Este processo pode ser freado? A boa notícia é que sim. E nós até sabemos o que fazer. Em um passado recente, medidas como o bloqueio de empréstimos de bancos públicos a empresas com multas pendentes em órgãos ambientais já surtiram efeito e ajudaram na preservação da floresta. Além disso, ideias como a bioeconomia podem ajudar o garimpeiro a trocar o papel de inimigo do meio ambiente por conta da falta de oportunidades pelo de amigo da natureza. Um hectare de soja rende, em média, R$ 604 por ano – contra R$ 12,4 mil de uma área do mesmo tamanho dedicada ao cultivo de espécies nativas, como o açaí e a castanha do pará. Detalhe: é dinheiro que vem sem que nenhuma árvore se vá.

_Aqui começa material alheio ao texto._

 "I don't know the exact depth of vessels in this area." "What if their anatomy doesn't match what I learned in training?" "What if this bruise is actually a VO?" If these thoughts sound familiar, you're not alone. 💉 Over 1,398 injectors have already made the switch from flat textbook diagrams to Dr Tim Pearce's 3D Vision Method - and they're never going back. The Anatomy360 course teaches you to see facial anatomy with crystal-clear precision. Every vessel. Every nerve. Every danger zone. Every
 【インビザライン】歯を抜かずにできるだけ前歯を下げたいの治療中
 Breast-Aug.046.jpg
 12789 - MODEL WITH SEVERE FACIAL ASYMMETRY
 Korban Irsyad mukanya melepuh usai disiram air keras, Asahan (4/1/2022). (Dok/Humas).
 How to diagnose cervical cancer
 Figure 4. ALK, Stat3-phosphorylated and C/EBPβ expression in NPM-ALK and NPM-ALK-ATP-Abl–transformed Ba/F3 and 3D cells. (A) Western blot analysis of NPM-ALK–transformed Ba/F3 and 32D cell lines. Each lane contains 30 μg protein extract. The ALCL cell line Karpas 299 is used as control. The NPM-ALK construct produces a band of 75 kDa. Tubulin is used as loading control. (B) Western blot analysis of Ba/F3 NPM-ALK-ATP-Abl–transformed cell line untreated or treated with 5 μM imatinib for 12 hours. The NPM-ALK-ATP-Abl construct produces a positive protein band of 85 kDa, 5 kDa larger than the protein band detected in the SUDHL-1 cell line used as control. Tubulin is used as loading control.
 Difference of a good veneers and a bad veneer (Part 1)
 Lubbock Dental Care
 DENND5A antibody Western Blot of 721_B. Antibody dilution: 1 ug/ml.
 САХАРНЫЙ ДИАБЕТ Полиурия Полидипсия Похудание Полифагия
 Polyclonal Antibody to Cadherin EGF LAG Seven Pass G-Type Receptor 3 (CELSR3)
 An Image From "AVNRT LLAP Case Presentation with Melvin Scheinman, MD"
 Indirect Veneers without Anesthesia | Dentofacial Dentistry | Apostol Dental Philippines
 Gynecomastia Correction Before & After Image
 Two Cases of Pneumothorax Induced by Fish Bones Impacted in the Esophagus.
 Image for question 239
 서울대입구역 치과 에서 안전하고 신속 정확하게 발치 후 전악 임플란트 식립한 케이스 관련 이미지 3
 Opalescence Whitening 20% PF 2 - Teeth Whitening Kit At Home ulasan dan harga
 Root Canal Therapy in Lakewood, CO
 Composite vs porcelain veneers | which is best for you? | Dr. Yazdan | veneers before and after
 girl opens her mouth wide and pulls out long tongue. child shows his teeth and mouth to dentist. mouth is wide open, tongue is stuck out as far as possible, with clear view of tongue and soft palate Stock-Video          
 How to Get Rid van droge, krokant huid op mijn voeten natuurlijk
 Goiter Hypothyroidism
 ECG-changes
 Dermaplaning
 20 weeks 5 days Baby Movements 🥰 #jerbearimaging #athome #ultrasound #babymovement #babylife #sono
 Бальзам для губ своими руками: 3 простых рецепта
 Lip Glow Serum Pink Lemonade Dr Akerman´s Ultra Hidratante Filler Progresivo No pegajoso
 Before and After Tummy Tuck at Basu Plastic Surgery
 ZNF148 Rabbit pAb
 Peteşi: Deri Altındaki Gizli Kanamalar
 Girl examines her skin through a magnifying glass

Divulgada nesta semana, uma pesquisa do Ibope indicou que 77% dos brasileiros consideram preservar a meio ambiente é o mais importante, ainda que isso signifique menor crescimento econômico e geração de empregos. Nós estamos com a faca e o queijo na mão. Salvar a floresta é o interesse de maioria, o melhor para nosso futuro e, de quebra, o que rende mais dinheiro.
Em nome de que fazer o contrário?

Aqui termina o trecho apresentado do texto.